30 dicembre 2012
Diario Precario dal 24/12/2012 al 26/12
Data.
Dal 24/12/12 al 26/12/2012
Note.
Natale…
Periodo,
in generale, di feste finte, intristite.
Il Belpaese non ha più il tono festoso di venti o trent’anni fa.
Ritorno
ai luoghi dell’infanzia. Suggestioni e pioggia su di me.
Considerazioni
A
Natale mi capita di passeggiare dopo il pranzo di rito. Lo trovo utile e
positivo. Passeggiando nel Parco delle Cascine è sopraggiunta la notte, ci
vuole poco a dicembre. Tutto il mio mondo antico mi è sembrato calare in quelle
tenebre che si fanno marea di cui tanto scrivo, anche perché una nebbiolina era
giunta assieme alla fine della luce naturale e in effetti l’oscurità pareva
aver preso una consistenza fisica e la realtà concreta a distanza di pochi
metri sfumava lentamente ma inesorabilmente.
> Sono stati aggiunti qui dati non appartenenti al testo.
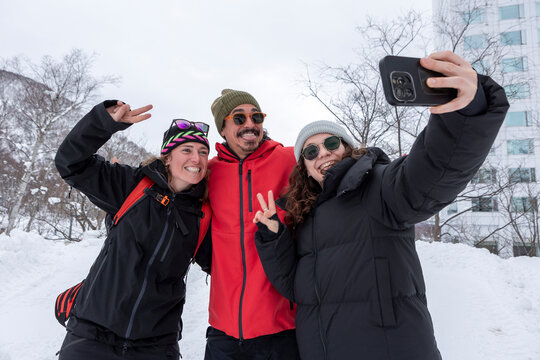 Friends taking a smartphone selfie in snowy Japan ski resort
Alla fine ho avuto una
rappresentazione fisica di quel che scrivo senza bisogno di andar in terre
esotiche o altro. Sono sicuro e persuaso di aver trovato una formula corretta
per descrivere questa presente realtà: Le tenebre si fanno marea. A questo
punto devo riconoscere che questa mia espressione è frutto di una personale
identificazione con quel piccolo mondo antico di fine anni settanta e primi
anni ottanta che si è dissolto perché logorato dal tempo e dalle trasformazioni
del mondo umano. La constatazione della lenta sparizione e trasformazione della
realtà mi si presenta come la dissolvenza lenta e inesorabile di un grande
racconto vissuto in prima persona. Un po’ come il sipario del teatro che si
chiude lentamente con un fare solenne. In effetti è comune che nel corso della
vita un qualsiasi essere umano osservi trasformazioni anche radicali e viva
esperienze fortemente differenziate, perfino che il suo mondo di abitudini e di
costumi si stronchi tutto assieme con la velocità del lampo. Qui nella mia
vicenda assisto alla decomposizione e dissoluzione lenta, ingloriosa e triste
di quel che è comunemente chiamato “Prima Repubblica” che era molto di più
della somma di migliaia di ladri in politica e di moltitudini di corrotti e
corruttori. Era la scenografia politica e sociale del palco immaginario dove si
svolgeva l’esistenza di una cinquantina di milioni di abitanti del Belpaese,
milione più, milione meno, quindi qualcosa che era anche nella vita privata dei
singoli. Questo palco, questo teatro, questa platea dove si recitava la
commedia tragica della Prima Repubblica e dei suoi ultimi anni si è dissolto, è
rimasto solo il sipario chiuso e dietro di esso il rumore di suoni spettrali, e
di facchini che mettono via il materiale, non si sente più neanche i fischi del
pubblico e le urla d’indignazione. La recita è finita nel peggiore dei modi e
perfino il teatro è finito, resta solo un sipario immerso nell’oscurità e nelle
tenebre che lentamente sparisce nella notte senza limiti e senza luce. Per mia
sfortuna non si è dissolto solo il mondo politico di allora ma anche quella
società di cui era in parte espressione. Questo mi forza a pensare la mia vita
fuori da un mondo umano di fatto oggi scomparso, proprio l’esperienza del
precariato mi rivela quanto sapevo già dalla filosofia: ossia che l’essere umano
sente il bisogno di radici, di origini, di avere dietro le spalle un punto da cui
è partito e davanti, forse, un punto d’arrivo anche immaginario. Questo sentire
non è una consolazione o una vanità, al contrario è una necessità della
vita quotidiana che si rivela nei
momenti nei quali l’essere umano deve prendere decisioni importanti o si trova
davanti a cose pericolose e impreviste; avere un elemento di stabilità propria,
una certezza psicologica, una visione certa di se stessi aiuta nell’indirizzare
l’azione e il pensiero. Il senso autentico della mia espressione è la denuncia
di questo venir meno delle proprie origini e del proprio quotidiano che è fonte
di forza, di pensiero, di capacità d’agire davanti al male che prende forma e
alle trasformazioni del mondo umano.